## Display Movies from the Coudant database

Example uses Spark SQL with a Cloudant data source

This sample notebook is written in Python and expects the Python 2.7.5 runtime. Make sure the kernel is started and you are connect to it when executing this notebook.

In [None]:
# Import Python stuff
import pprint
from collections import Counter

In [None]:
# Import PySpark stuff
from pyspark.sql import *
from pyspark.sql.functions import udf, asc, desc
from pyspark import SparkContext, SparkConf
from pyspark.sql.types import IntegerType

### 1. Work with the Spark Context
A Spark Context handle sc is available with every notebook create in the Spark Service.  
Use it to understand the Spark version used, the environment settings, and create a Spark SQL Context object off of it.

In [None]:
sc.version

In [None]:
# sc is an existing SparkContext.
sqlContext = SQLContext(sc)

### 2. Work with a Cloudant database
A Dataframe object can be created directly from a Cloudant database. To configure the database as source, pass these options:  
1 - package name that provides the classes (like CloudantDataSource) implemented in the connector to extend BaseRelation.
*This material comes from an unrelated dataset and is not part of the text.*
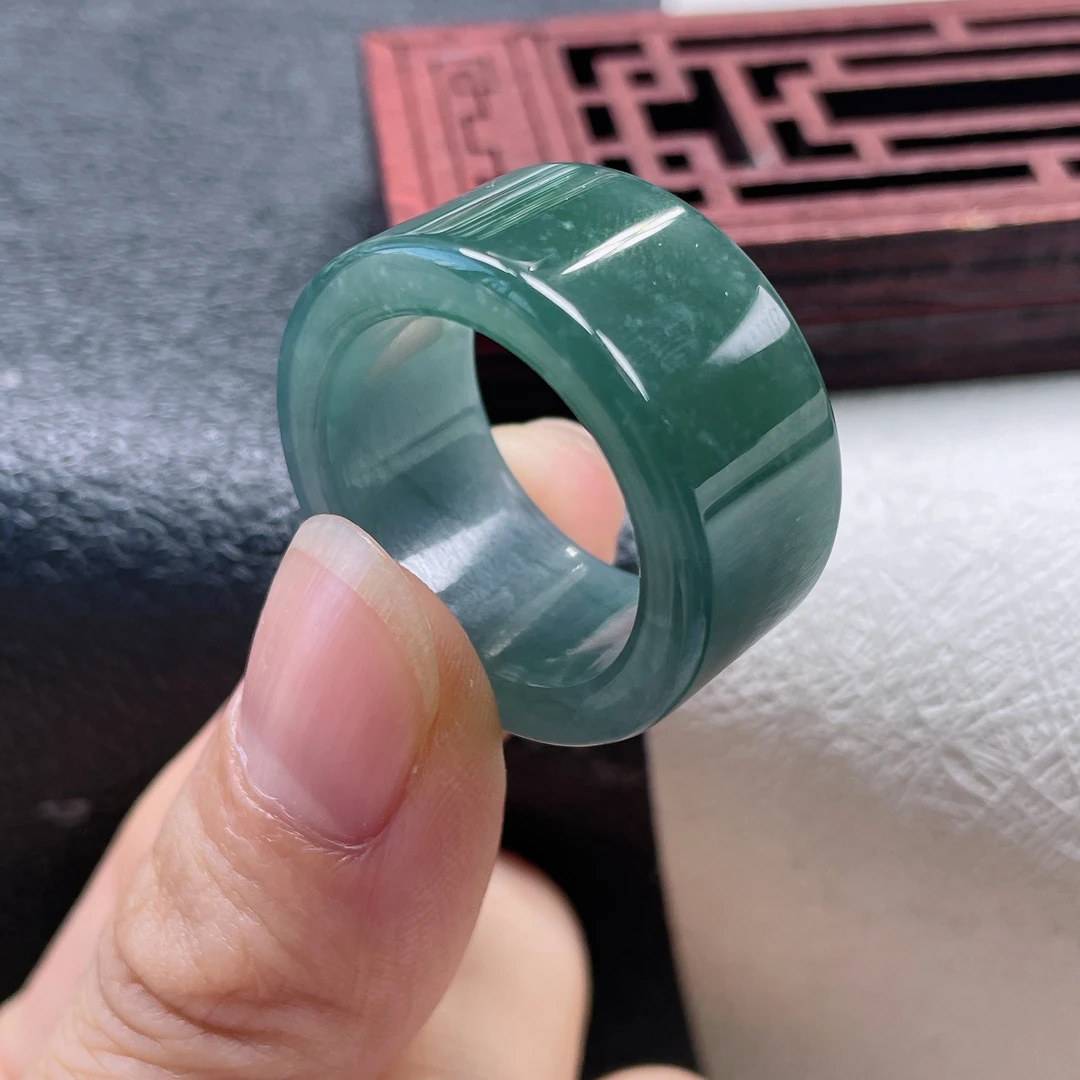 23号圈口天然A货翡翠糯冰种飘花戒指精雕方形老坑玉指环男女款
For the Cloudant Spark connector this will be com.cloudant.spark  
2 - cloudant.host parameter to pass the Cloudant account name  
3 - cloudant.user parameter to pass the Cloudant user name  
4 - cloudant.password parameter to pass the Cloudant account password  


In [None]:
# @hidden_cell
credentials = {
  'username':'f16bd2e3-8b90-4581-97d1-43dcd23c3ccd-bluemix',
  'password':"""28423678f7490bca3312b2f4cd4d839a9e7e587613cddedf8eaaae959a8d2d28""",
  'host':'f16bd2e3-8b90-4581-97d1-43dcd23c3ccd-bluemix.cloudant.com',
  'port':'443',
  'url':'https://f16bd2e3-8b90-4581-97d1-43dcd23c3ccd-bluemix:28423678f7490bca3312b2f4cd4d839a9e7e587613cddedf8eaaae959a8d2d28@f16bd2e3-8b90-4581-97d1-43dcd23c3ccd-bluemix.cloudant.com'
}


In [None]:
cloudantdata = sqlContext.read.format("com.cloudant.spark").\
option("cloudant.host",credentials['host']).\
option("cloudant.username",credentials['username']).\
option("cloudant.password",credentials['password']).\
load("moviedb")

### 3. Work with a Dataframe
At this point all transformations and functions should behave as specified with Spark SQL. (http://spark.apache.org/sql/)  


In [None]:
cloudantdata.printSchema()

In [None]:
cloudantdata.count()

In [None]:
cloudantdata.select("name", "url").show()

In [None]:
import pandas as pd
pandaDf = cloudantdata.select("name").toPandas()
print(pandaDf, 10)

## Display the "randomly generated" Ratings from Object Storage

Drag and drop the ratings file onto the files rectangle. then use the DSX code insertion feature to create a hadoop configuration to allow Spark to access the object storage the ratings file resides on.

In [None]:

from pyspark.sql import SparkSession

# @hidden_cell
# This function is used to setup the access of Spark to your Object Storage. The definition contains your credentials.
# You might want to remove those credentials before you share your notebook.
def set_hadoop_config_with_credentials_5a2eb3130fdf4523ad2d610fb1f3d6f9(name):
    """This function sets the Hadoop configuration so it is possible to
    access data from Bluemix Object Storage using Spark"""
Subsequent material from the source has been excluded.